Simple Python crawling taobao image crawlers,
I wrote a crawler for capturing taobao images, all of which were written using if, for, and while, which is relatively simple and the entry-level work.
Http://mm.taobao.com/json/request_top_list.htm from web? Type = 0 & page = extract the taobao model photo.
Copy codeThe Code is as follows:
#-*-Coding: cp936 -*-
Import urllib2
Import urllib
Mmurl = "http://mm.taobao.com/json/request_top_list.htm? Type = 0 & page ="

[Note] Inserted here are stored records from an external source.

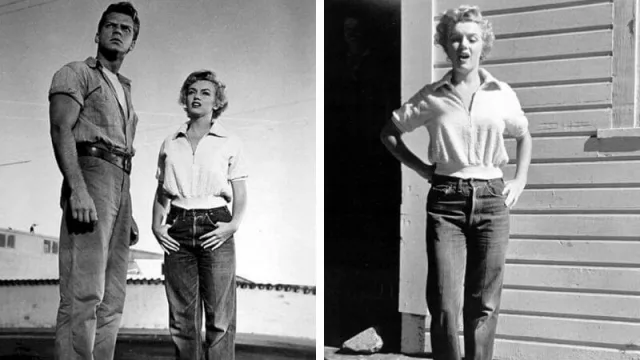 Se cumplen 147 años del nacimiento de los jeans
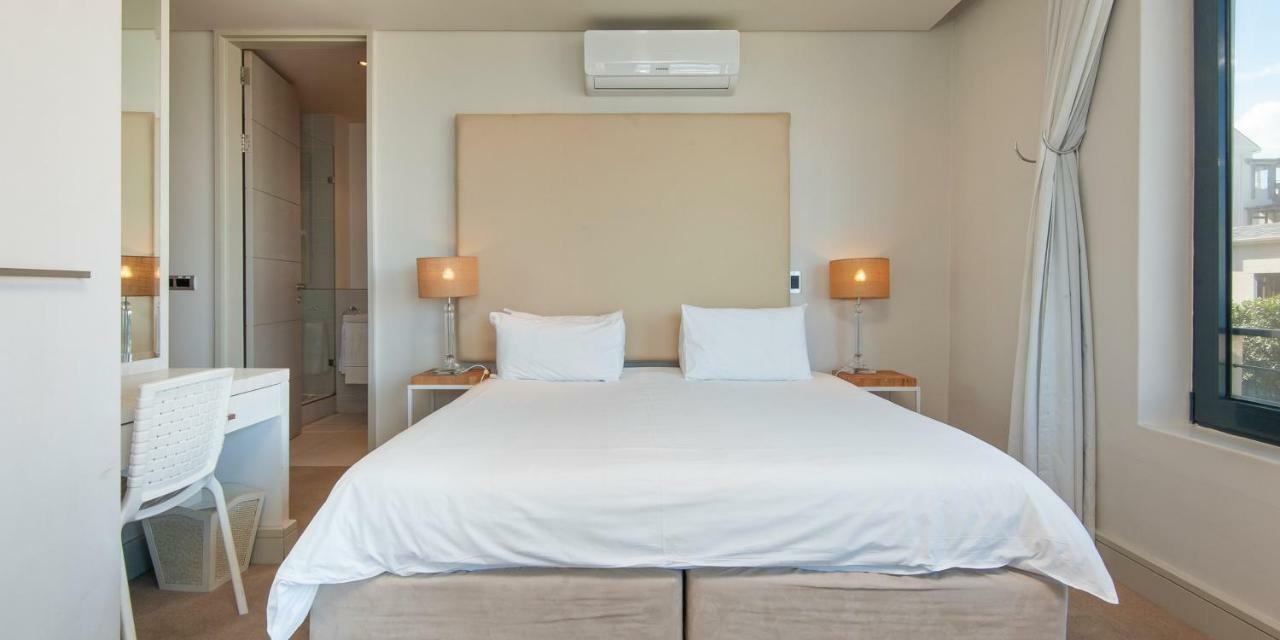 Harbour House Hotel - Le Paradis Apartments Hermanus Ngoại thất bức ảnh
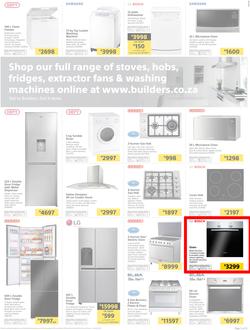 Builders WC & PE : The Best Deals On The Widest Range (26 June - 22 July 2018), page 5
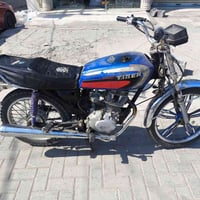 ايراني 4كير دراجه معدلها شلعتها حلوات نقص كهربائيات اشاير ولايت امامي ...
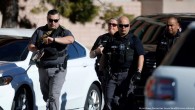 Las Vegas’ta silahlı saldırı: 3 ölü
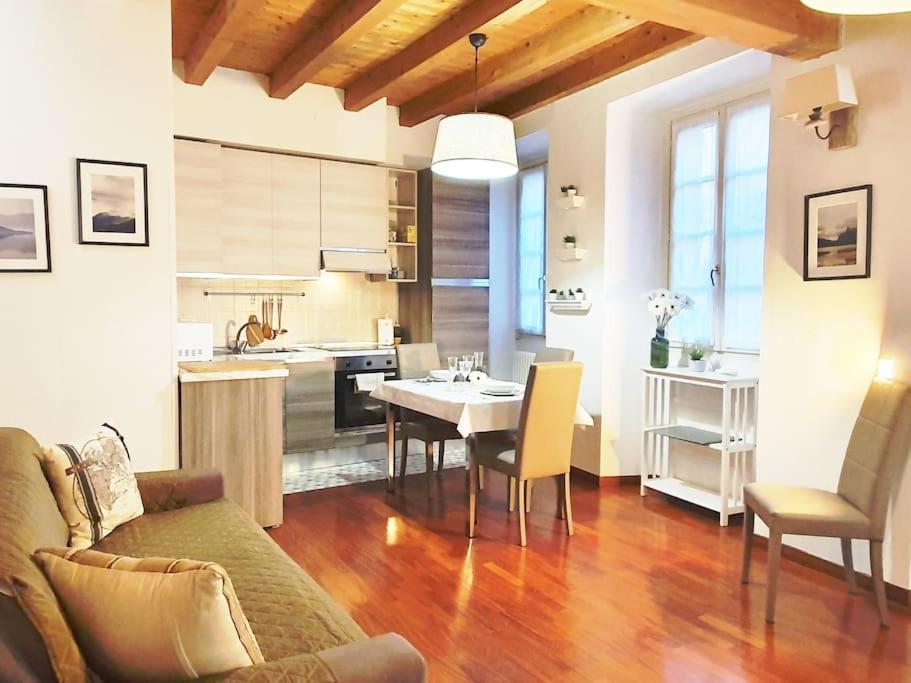 Duomo Center Appartement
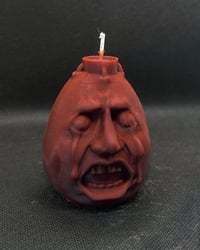Image 4 of behelit candle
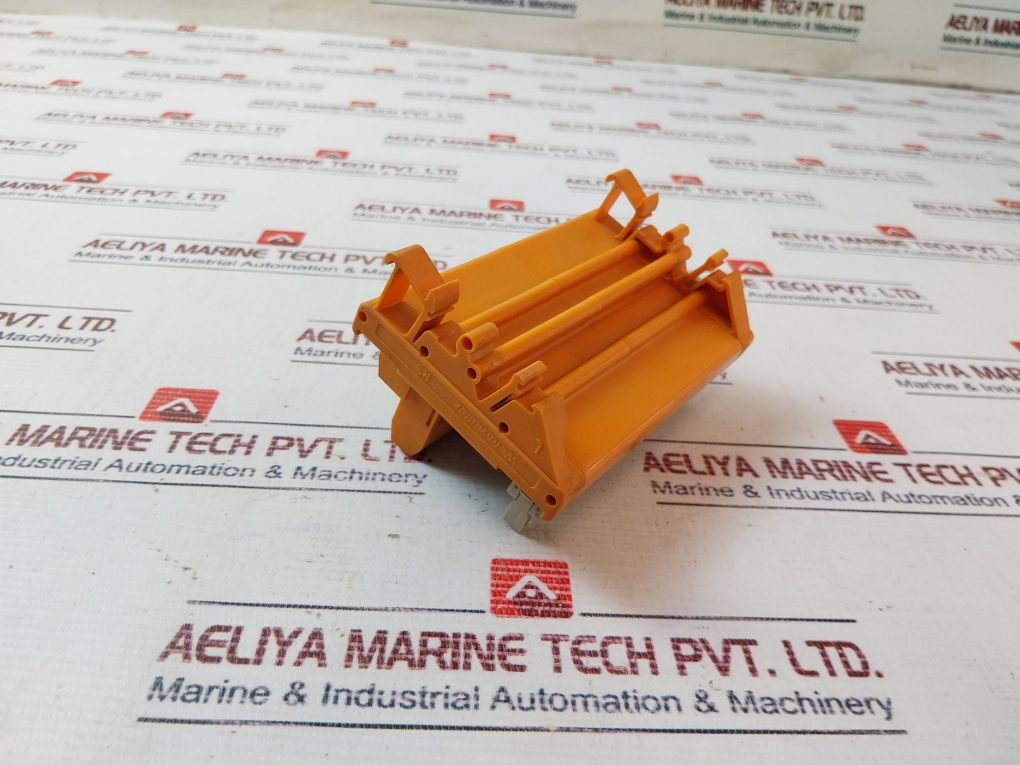 Weidmuller Rs-c 64/32 M Interface Module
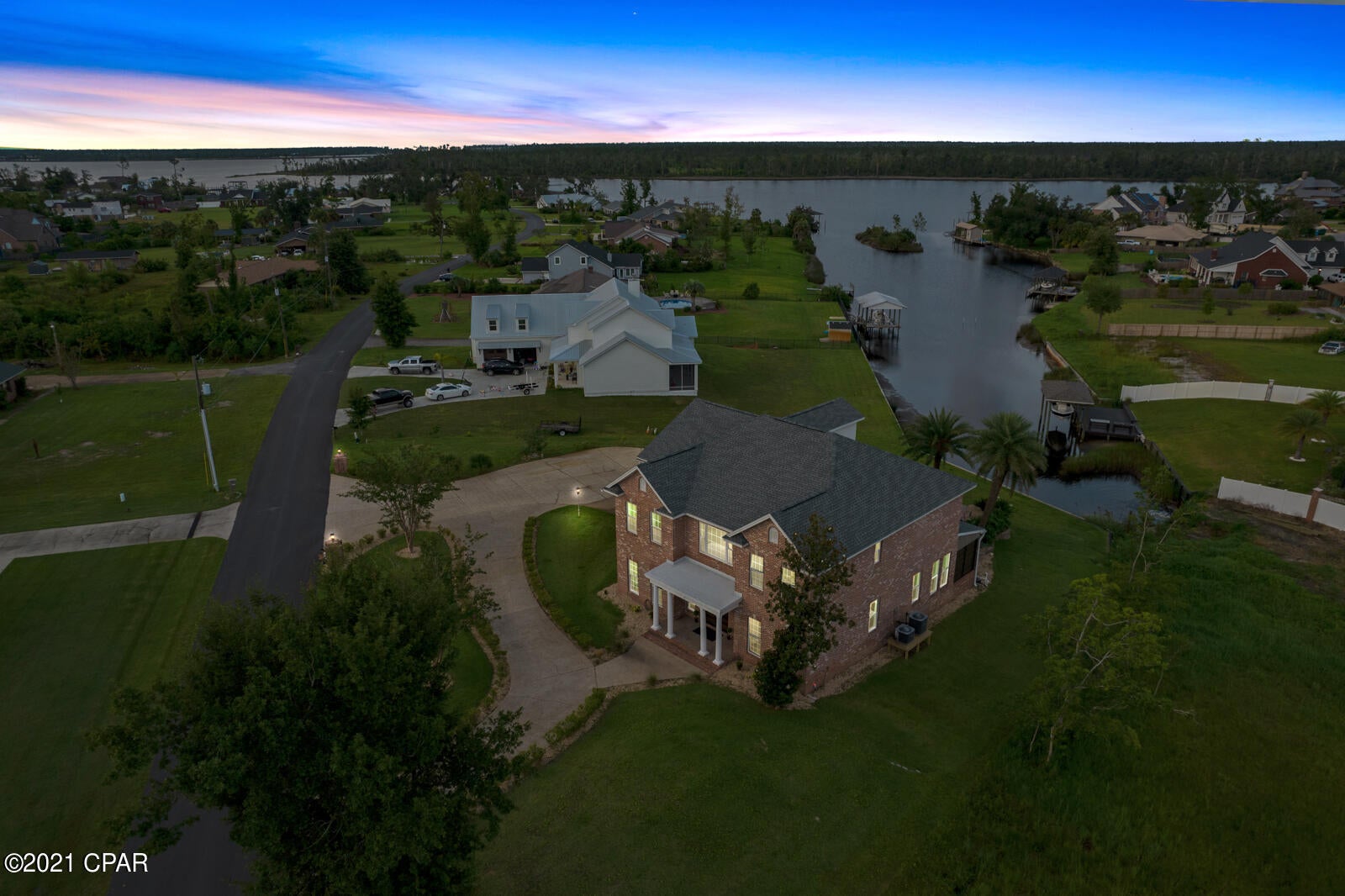 Normandale Estates - Residential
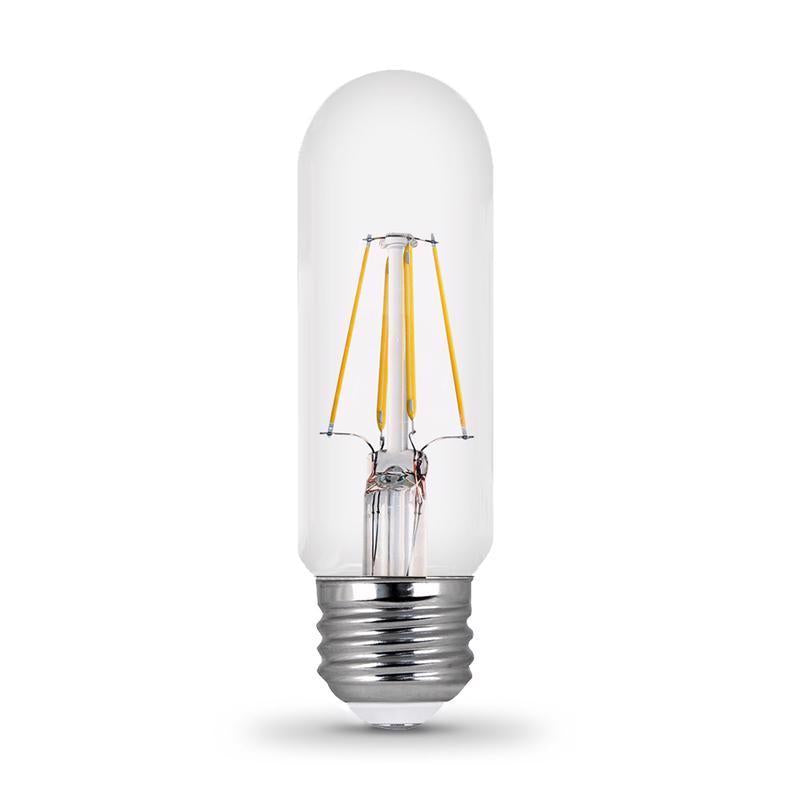 Feit Enhance T10 E26 (Medium) LED Bulb Daylight 40 Watt Equivalence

I = 0 # I/O errors may occur if a personal page does not contain images on the second page.
While I <15:
Url = mmurl + str (I)
# Print url # print the url of the List
Up = urllib2.urlopen (url) # Open the page and store it in the handle
Cont = up. read ()
# Print len (cont) # page length
Ahref = '<a href = "http' # filter Keywords of webpage links on the page
Target = "target"
Pa = cont. find (ahref) # locate the header of the webpage link
Pt = cont. find (target, pa) # locate the end Of the webpage link
For a in range (): # If we can not hard encode 20? How can I find the end of a file?
Urlx = cont [pa + len (ahref)-4: pt-2] # store the webpage link from the header to the tail
If len (urlx) <60: # if the webpage link length is suitable for [len ()!!!!]
Urla = urlx # print it out.
Print urla # This is the personal URL of the desired model.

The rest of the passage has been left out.